Dining Al Fresco: Kebab Night

If it's summer and the weather is nice on Sunday, then we're grilling. I feel guilty if we don't take advantage of rain-free Sundays to grill.
Last Sunday was a grilling Sunday. Beef, chicken-mushroom sausage, tomatoes, mushrooms, corn, and zucchini.
The beef was marinated and skewered. The tomatoes were skewered. The mushrooms were halved/quartered (depending on size) and skewered. Corn was soaked in water then grilled. The zucchini did not get skewered because there was way too much of it. We would have had 14-15 skewers of it! We used our grill basket for the 3 zucchini.

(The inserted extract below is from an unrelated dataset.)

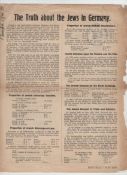 Judaica – WWII propaganda The Truth about the Jews In Germany. Two page leaflet issued by the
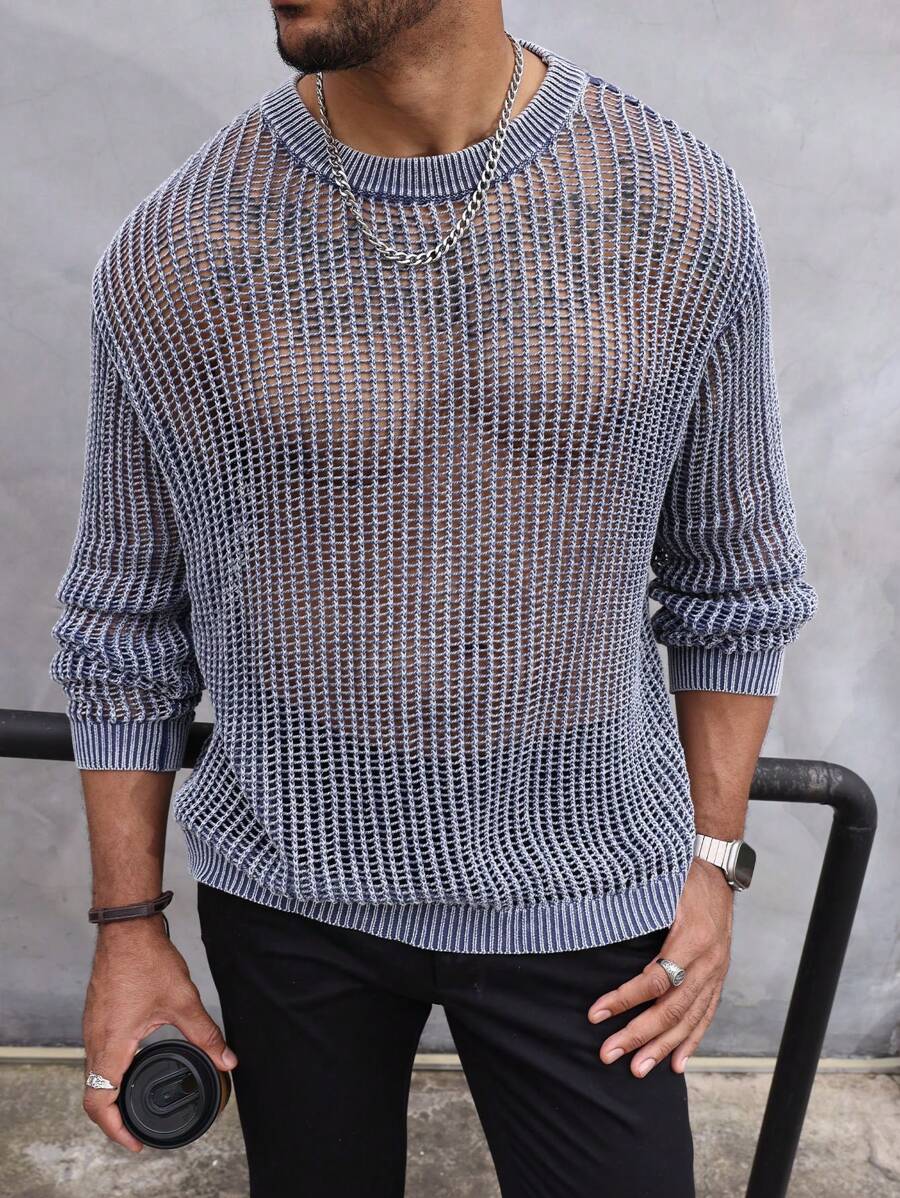 Manfinity Homme Men's Plus Size Loose Hollow Out Sweater With Round Neckline And Drop Shoulder Design - Blue - View 1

The chicken-mushroom sausage (from Market District) wasn't skewered, either.
Simple but delicious. Enjoyed out on the deck. Washed down with a tasty shiraz.
The beef was grilled just right. Still a little pink for flavor but not too pink. SP bought a small roast because Market District had BOGO on small roasts, just under 2 lbs each, so he froze one and cubed the other for kebabs. We used my go-to marinade for kebabs. It's from one of my mom's cookbooks but when I copied the recipe many, many years ago, I didn't make a note of the cookbook. I just copied the ingredients and for instructions wrote 'mix ingredients, marinate meat.' 

Shish-Kebab Marinade:

1 medium onion, minced
1 clove garlic, minced
1 tbsp olive oil
1 tbsp vinegar (apple cider or white)
1 tbsp lemon juice
1/8 tsp pepper
½ tsp salt
1 tsp oregano

Combine well. Pour over meat. Marinate.

We use this marinade for beef, chicken, pork, and sometimes shrimp. Usually we marinate the food for at least 4 hours. We always omit the garlic and often omit the onion. We also use dried oregano - especially since our fresh oregano seems to have died in the last torrential downpour.